The strength of a rope varies depending on its fibers and how they are woven together. Natural fiber ropes are less durable and more susceptible to degradation. So, they are significantly weaker than synthetic fiber ropes.

Weaving

We create ropes by weaving fibers together to make thicker materials. Some weaving methods are stronger than others. A double-braided rope is the strongest weaving pattern. They are closely followed by a hollow braid. Twisted ropes have average strength. Maypole and diamond braids are slightly weaker, and solid braids are the weakest.

Twisted ropes have a better strength-to-weight ratio than maypole, diamond, and solid braids. Still, a twisted rope’s working load is just 8-15% of its tensile weight. The working load of all other weaving patterns is about 15-20%.

Differences Between Companies

Bear in mind that the strength of a rope varies between manufacturers. Ropes have different strengths depending on whether company A or B makes them. So, do not take a rope’s general strength for an absolute fact, and know there is some variation.

Also, be cautious with the terminology manufacturers use to name a rope. Know what materials the rope comprises to determine the correct strength.

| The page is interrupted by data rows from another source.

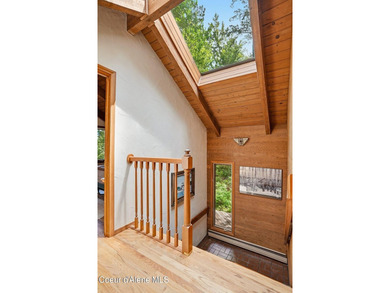 Never before on the market, this iconic piece of Coeur d' Alene - photo 21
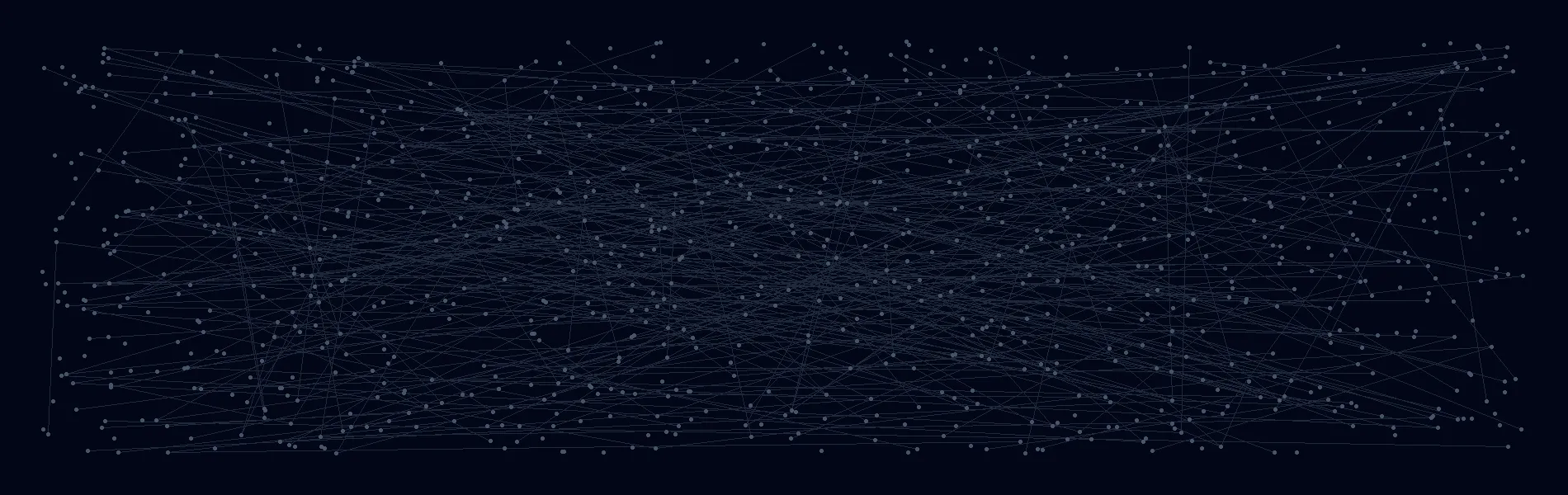 Offline AI Systems in Broomfield, CO
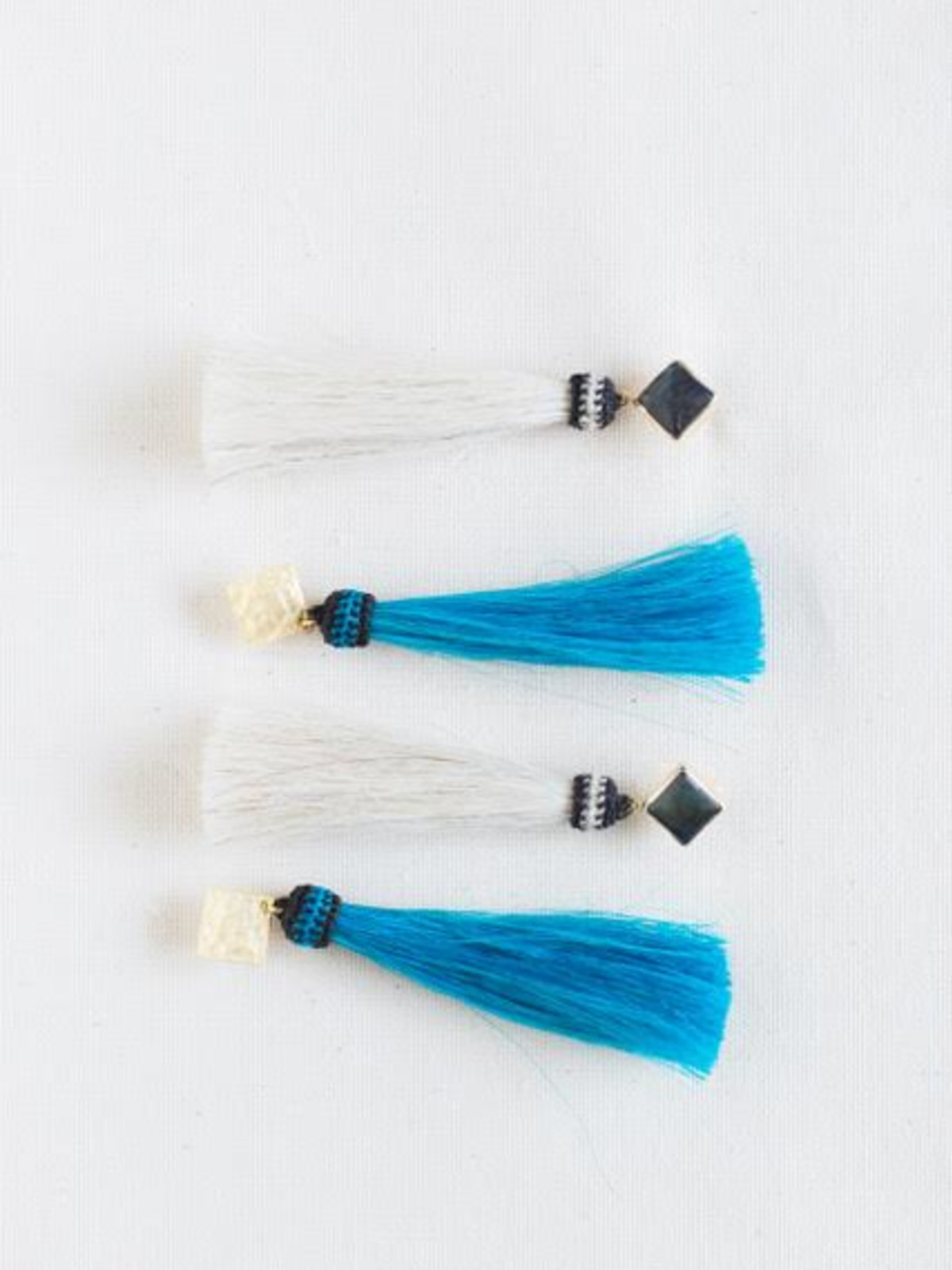 jewelry designers | Elizabeth Lanier Designs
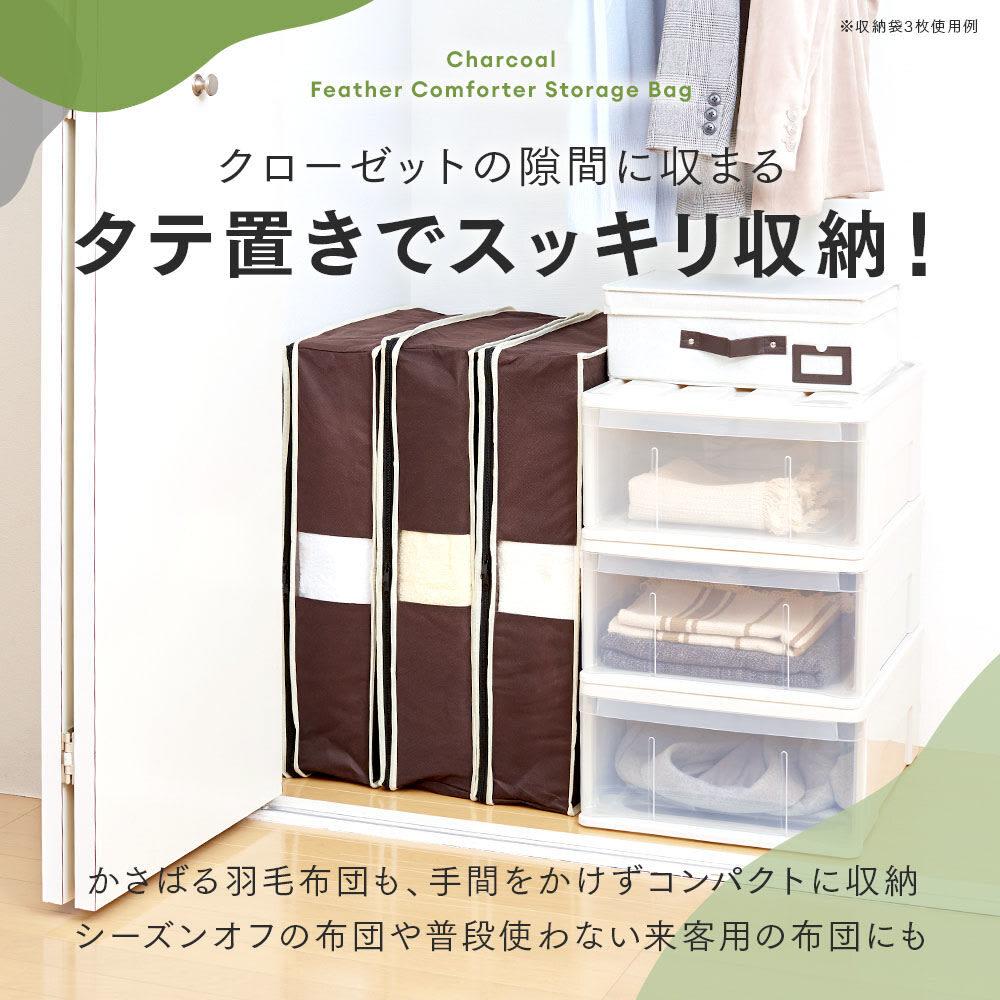立哨とは？意味や読み方・Pta旗振りのやり方と安全対策を徹底解説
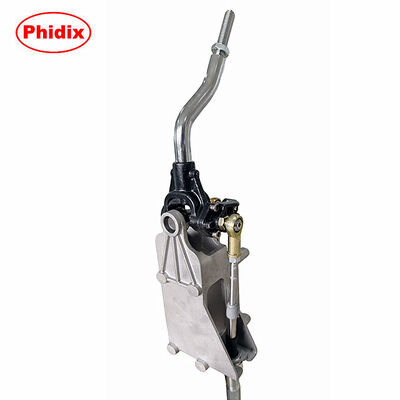 औद्योगिक और वाणिज्यिक वाहनों के लिए एल्यूमिनियम वर्टिकल गियर शिफ्टर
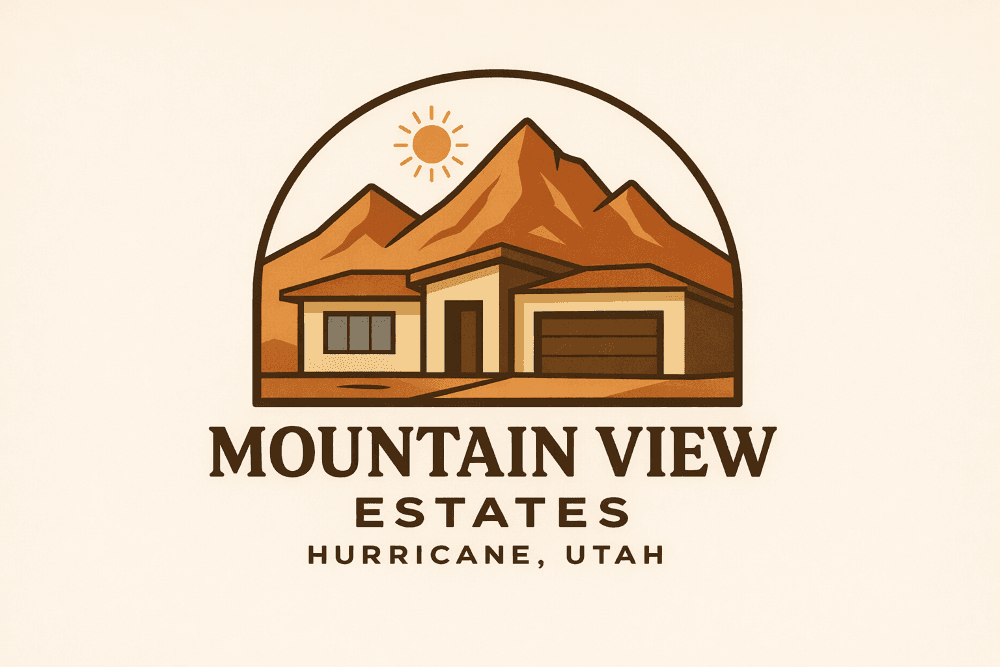 mountainside estates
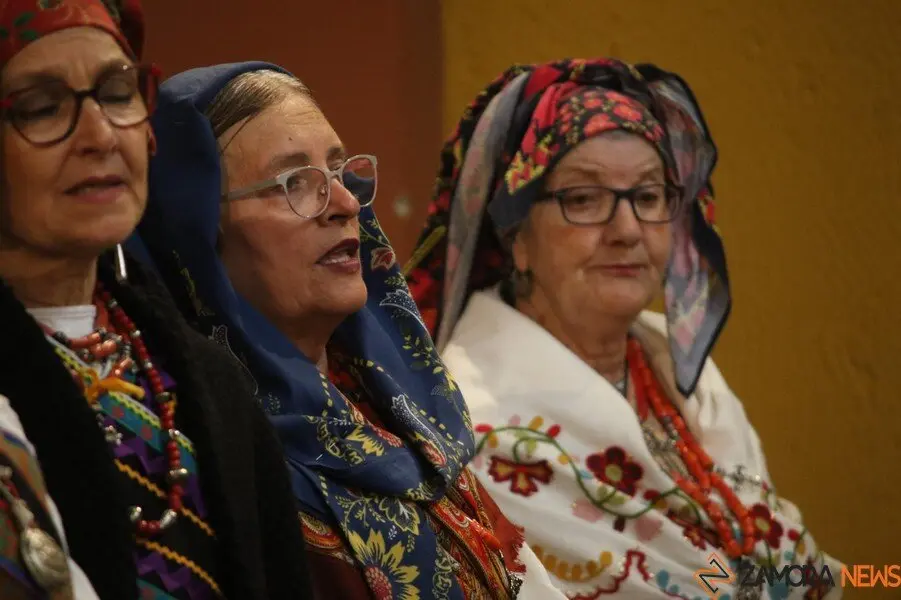 Las águedas de San José Obrero_20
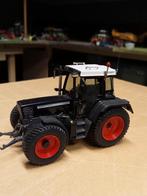 fendt, Ophalen of Verzenden, Zo goed als nieuw, Tractor of Landbouw, Overige merken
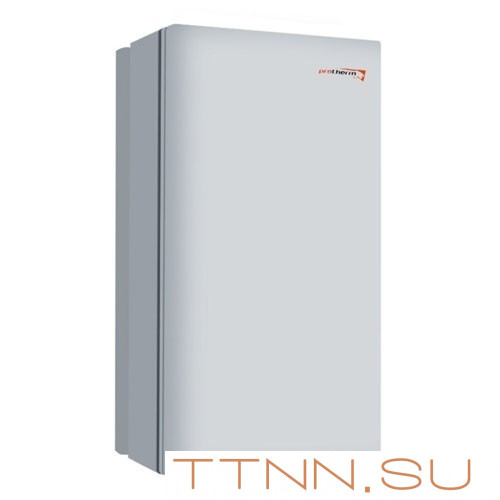 Бойлер косвенного нагрева Protherm WH B 60Z Бойлер косвенного нагрева Protherm WH B 60Z
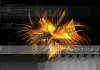 fusionbgps_copy23.jpg 879.92 KB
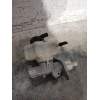 Recambio de bomba freno para volkswagen golf vi (5k1) advance referencia OEM IAM   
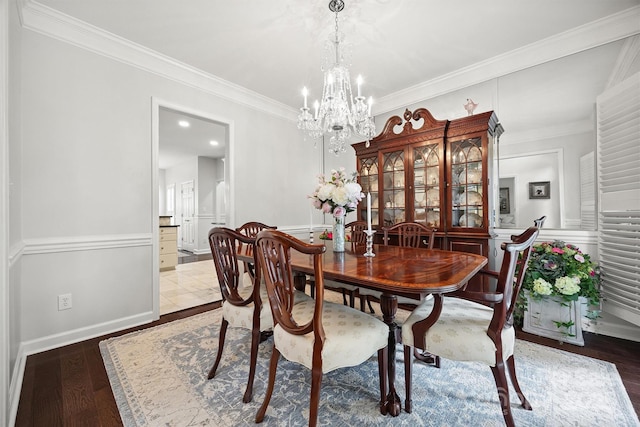 16719 Hampton Crossing Dr, Huntersville, NC 28078 - photo 4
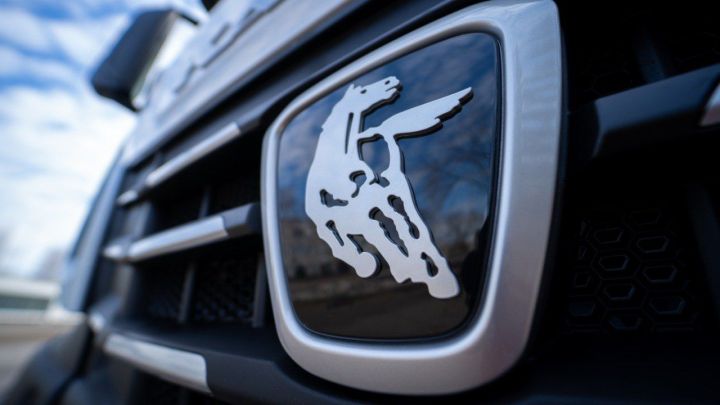 «Молодой рационализатор и изобретатель РТ»: шесть камазовцев стали лучшими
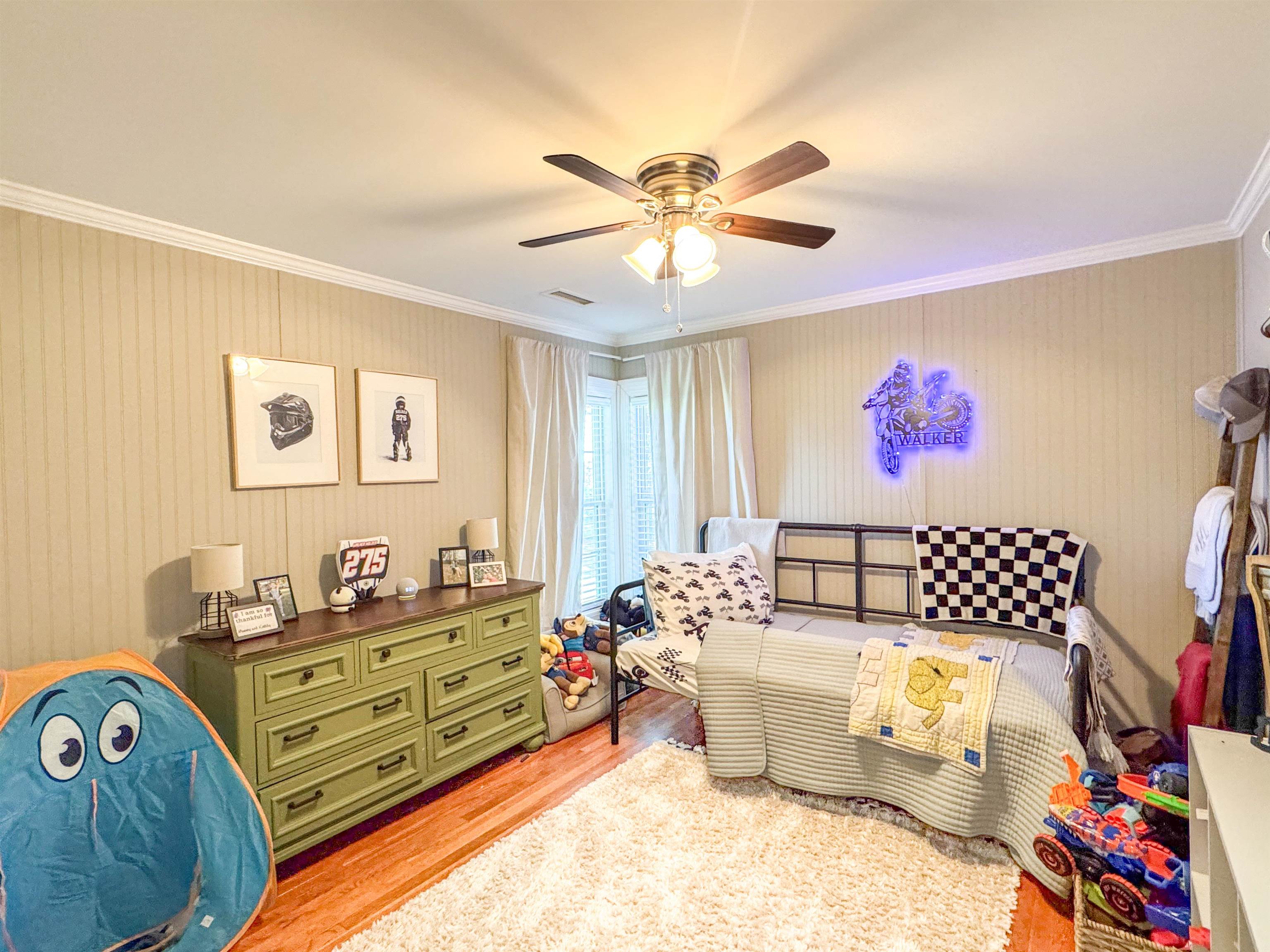 4089 Brighton-Clopton Road Brighton, TN 38011 - Photo 2 of 30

For instance, “mooring lines” are not all made from the same materials or have the same strength. Some may consist of the finest materials, while others consist of cheap materials.

Handling Decreases Strength

How you handle your ropes also affects how long they will last and their condition. Tying knots in your rope significantly reduces the rope’s strength. Rough handling, like excessive friction or loading, reduces your rope’s strength faster. Ropes handled roughly, or those with knots, often lose up to ⅕ or 1/7 of their original strength.

Knots and splices are the weakest points in a rope, but splices are stronger than knots.

How Important Is It To Know Exact Strength?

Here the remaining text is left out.